So, we are 3 weeks out from the launch of Stadia and what I expected would be a rather sizable launch seems pretty quiet. Very little advertising spends, very little hype and maybe a few indie exclusives (I can’t even name one without double checking the stadia site). Many people, including myself, had hoped for a much bigger splash from the launch of a new game’s platform/ service from one of the biggest companies in the world. It does of course beg the question is this just another half-baked project that will end up in the google graveyard of ideas? A few interviews are starting to appear, with Jade Raymond towing the company line of GI.biz but a random search of “purchase Assassins Creed Odyssey” on google via the VPN in US, UK and France yielded all the usual e-commerce listings and prices and absolutely no reminder that you can get it for free with your Google Stadia founders pack. Now if you aren’t using your own advertising platform, the most popular advertising platform in the world – what exactly are you doing?

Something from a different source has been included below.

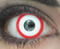 White Saw - lentille de couleur ホラー&ゾンビ cosplay/Halloween ZenKon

Yodo1’s AI-driven whale hunt
Gamesindustry.com ran an opinion piece talking through the presentation of Yodo1s AI driven pursuit of whales. Whilst I agree mostly with what the articles position I also think that if you take the idea to its natural conclusion you end up in a situation where all games are optimized for a few whales to the detriment of the non-paying players. Let’s think about how google works for advertisers. It’s a mass market search engine that could perhaps penalize you for not paying to advertise. Google is set up to optimize the searchability and discovery of those who pay the most money to google. If you choose not to advertise with them – it is possible that you could be penalized, even hidden. So in the case of building games for whales there is a temptation to make the free experience worse to improve the premium experience is it not. A world where you have to pay to overcome penalties doesn’t sound like a fun business to be in little own, a means of entertainment. Heres the link if you want to join the conversation:
THQ Nordic and Microids head to Japan.
The temptation of conquering the east is never far from the minds of western games company executives and as THQ and Anuman (recently rebranded to Microids) eye expansion, the east has beckoned. Asian games consumers are notoriously fickle when it comes to western game content, and although the evidence suggests that things have improved for western games over the past decade it’s still an incredibly challenging market. A brief analysis of the data (https://www.statista.com/statistics/215461/sales-numbers-of-top-selling-video-games-in-japan/) shows that the market is still very much dominated by local titles. The rest of Asia is not the answer for growth, unless of course grey market exporting is your main goal. Traditionally South East Asia was the source of most of the EFIGS parallel export games that fuelled the grey market most of the last decade. For most western publishers Asia is approximately 5%- 7% of global sales, and that of course can be significant if your major player – but for smaller players it makes it a difficult balancing act as the cost of entry into the market is far more disproportionate than the return. THQ and Microids are two of my favorite mid-tier publishers/ developers so we wish them well on their quest!
Children’s commissioner calls for a clamp down on loot boxes
It has been my personal experience that the fastest way to end a conversation with a Valve employee is raise the words Loot Boxes, Reseller Sites and API in the same sentence. Anne Longfield, the children’s commissioner for England has called for tighter legislation to protect kids from excessive in-game spending. She wants ministers to amend current laws so that loot boxes are classified as gambling. It’s easy to see why lawmakers come to this conclusion– if its supplied at odds i.e. a loot crate or surprise mechanic, that guarantees the user an item that may or may not be rare or common ( that’s odds) and there is a way to turn the said item into a usable currency then it’s extremely close to a closed loop gambling system.
Most operators don’t allow for the exchange of the item for a cash payout, but many third-party services have found ways around this. Operators of loot crate run sites can’t hold their hands up and say that not our fault and so we have no liability due to the fact we don’t allow the trade of items for cash outside the game environment, because in many ways the core technology of the game environment allows for the transfer of the item that is then exchanged for real world currency.
Claiming that we don’t close the circle therefore we can continue unregulated and unhindered is a rather thin ice position, and it’s no surprise that the question of liability and regulation is not going away any time soon.